On This Day In History: Reginald Bonham’s Achievements In Blind And Sighted Chess – On Jan 31, 1906

Reginald Walter Bonham was born on January 31, 1906 in St. Neots, Huntingtonshire, England.

Bonham was the most famous British blind player ever. He was known for his extraordinary achievements in both blind and sighted chess.

Like others in his family, Bonham was born with deficient eyesight, which deteriorated further, so at the age of 16, he entered Worcester College for the Blind, where he was an excellent pupil from 1922 to 1925 and developed a passion for the sports of rowing and chess. In Oxford, he eventually became University Chess Champion as well as a finalist for the Oxford rowing crew.

In 1929, Reginald Bonham returned to Worcester College for the Blind and became a teacher of Mathematics and Braille.
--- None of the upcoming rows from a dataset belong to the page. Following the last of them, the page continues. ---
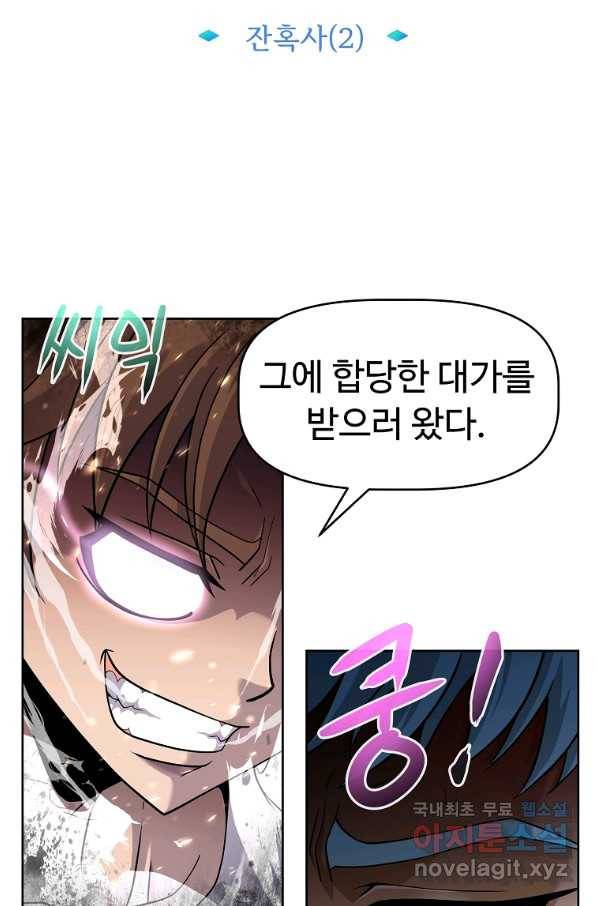 기사가문 망나니는 10클래스 19화 33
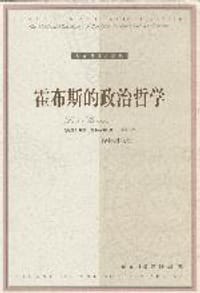 书籍 霍布斯的政治哲学的封面
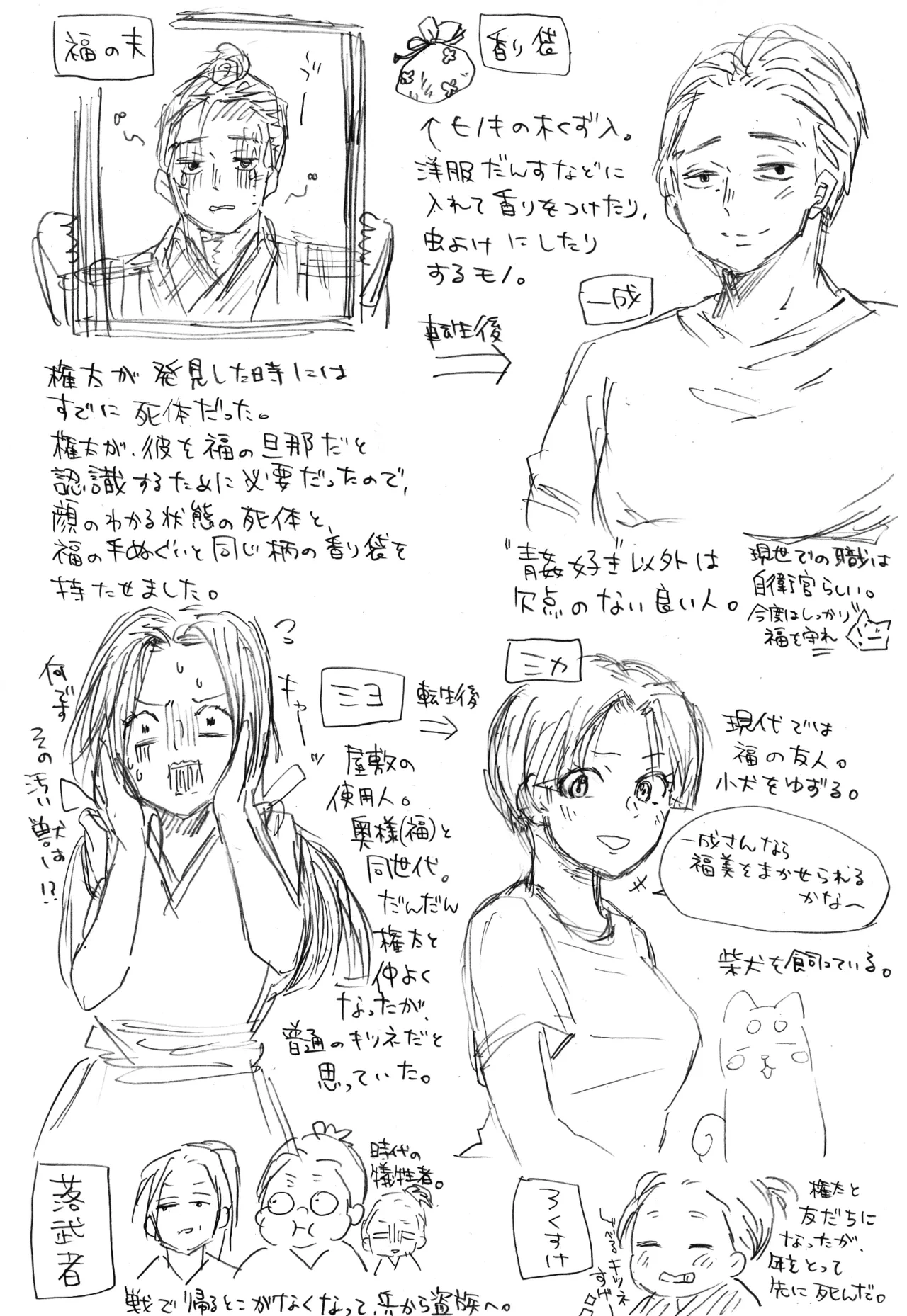 หน้า 23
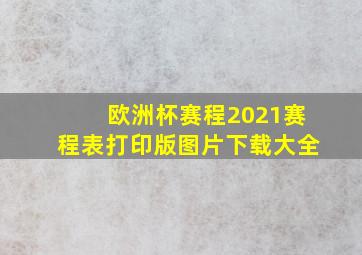 欧洲杯赛程2021赛程表打印版图片下载大全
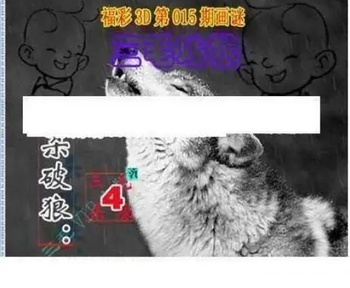 26015期: 三毛3D精品图谜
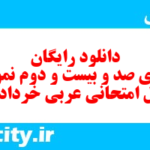 دانلود رایگان سری صد و بیست و دوم نمونه سوال عربی دهم انسانی به همراه pdf دانلود رایگان سری صد و بیست و دوم نمونه سوال عربی دهم انسانی به همراه pdf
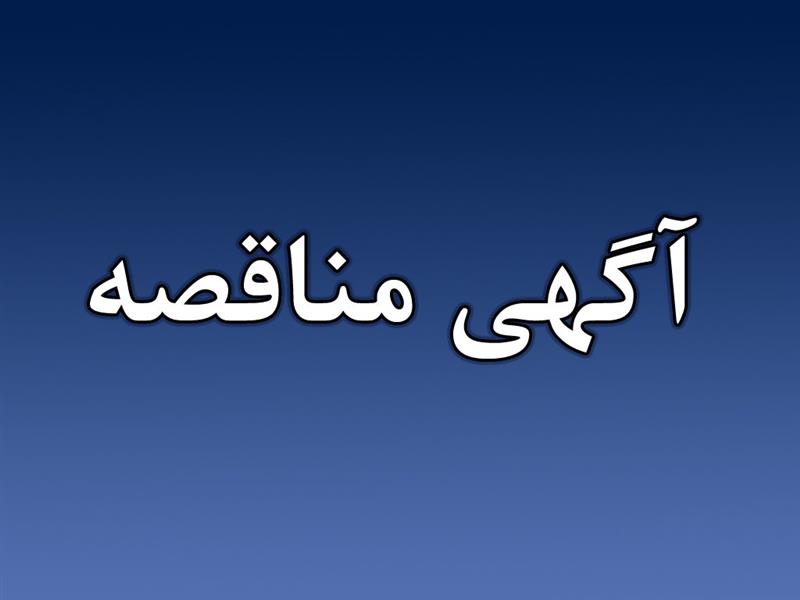 تجدید-مناقصه-عمومی-همزمان-با-ارزیابی-ساده-فشرده-یک-مرحله-ای-
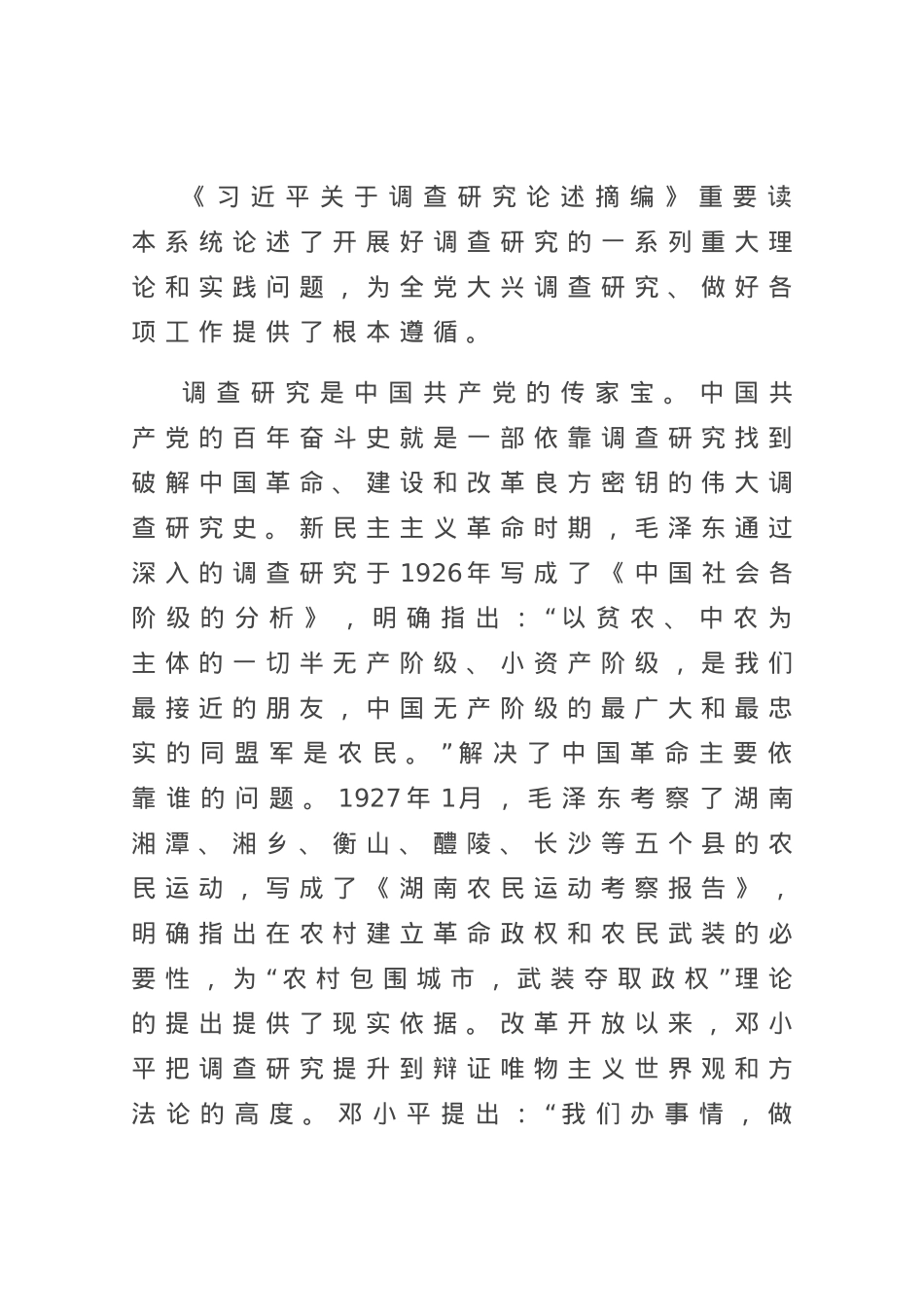在中心组专题研讨交流会上的发言材料.docx_第1页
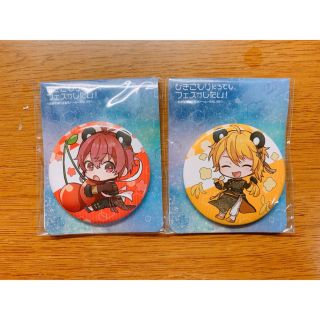 りく様専用ページ 浦島坂田船 ファミマ 缶バッジ(バッジ/ピンバッジ)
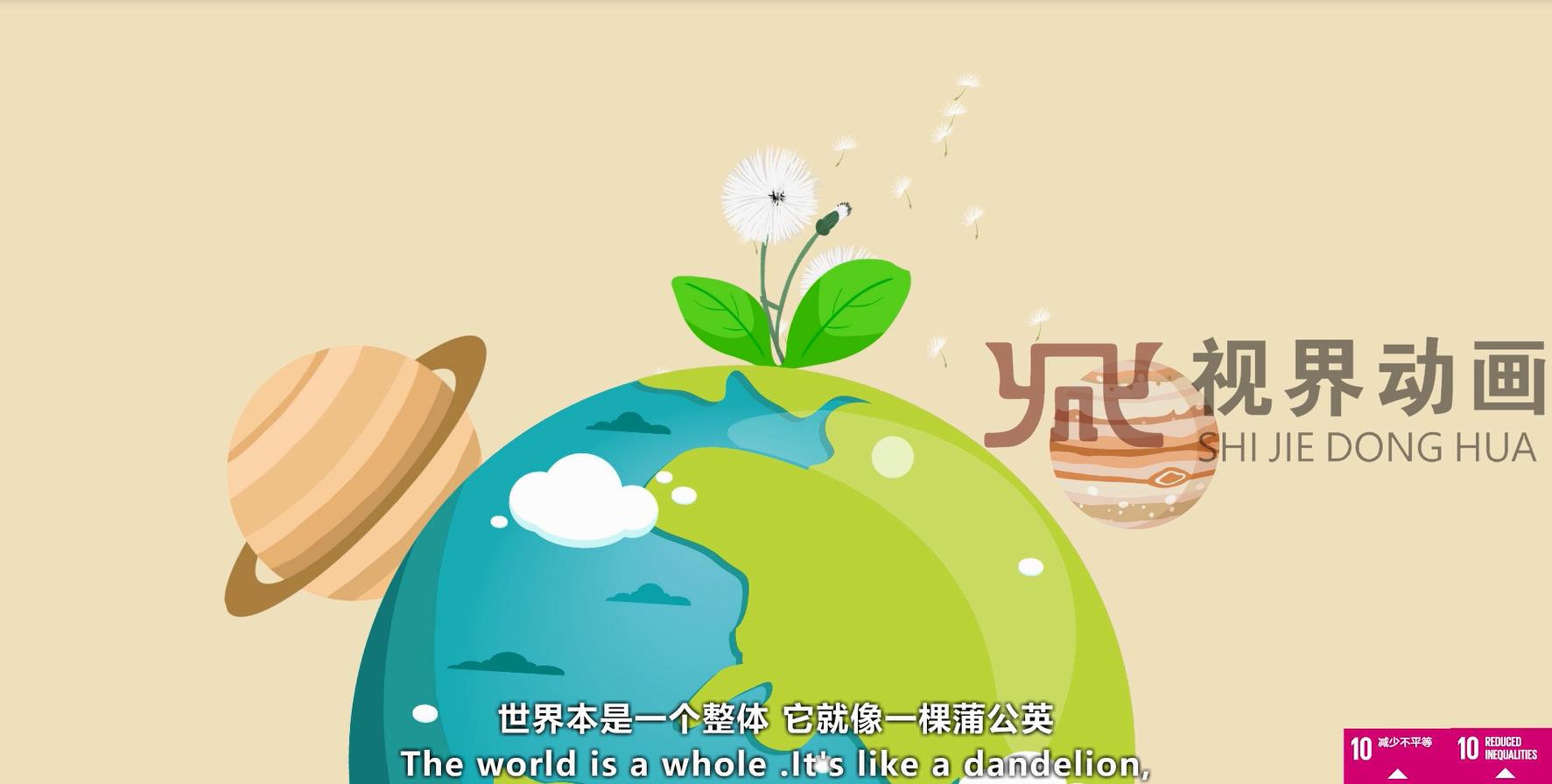 二維動(dòng)畫(huà)——減少不平等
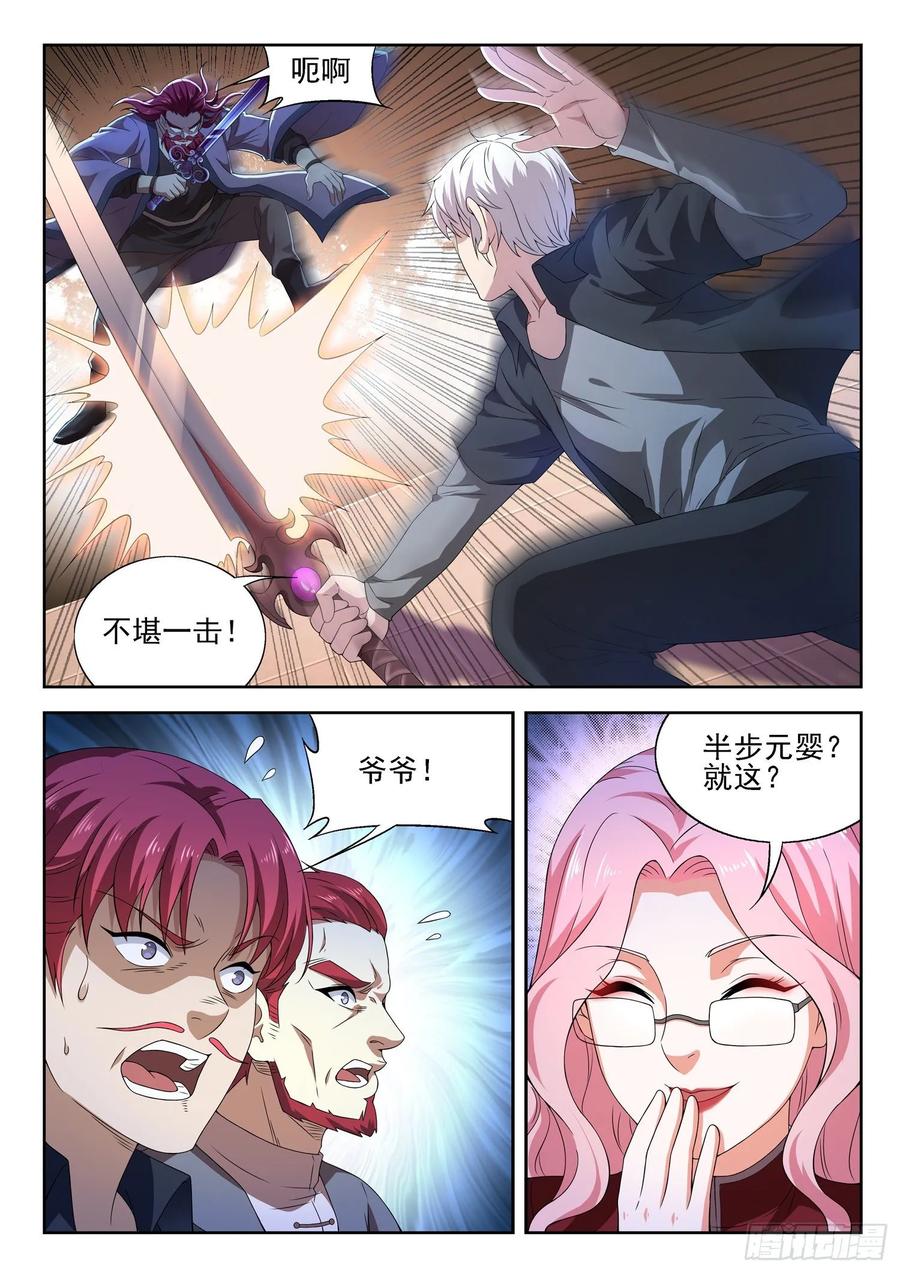 第一一三话 就这水平？3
At the same time, he was a coach at rowing, amateur dramatics, chess and bridge.

After founding the International Braille Chess Association in 1951, Bonham became the Blind World Chess Champion and the Correspondence Blind World Champion, winning this competition on the next five occasions in 1957, 1959, 1961, 1964 and 1966.

Bonham’s memory was phenomenal. He had no difficulty taking on ten players at once blindfold, as it was; and he was able to keep the moves of a score of correspondence games in his head, without recourse to a board and men.

Bonham was a great man with brilliant mind and a great teacher.

He wrote two interesting books in co-operation with R.d. Wormald: Chess Questions Answered and More Chess Questions Answered.

Bonham died on the 16th March 1984 at the age of 78.

He’ll be remembered by blind and sighted chess players alike for his achievements and great passion for teaching, his energy and his generosity.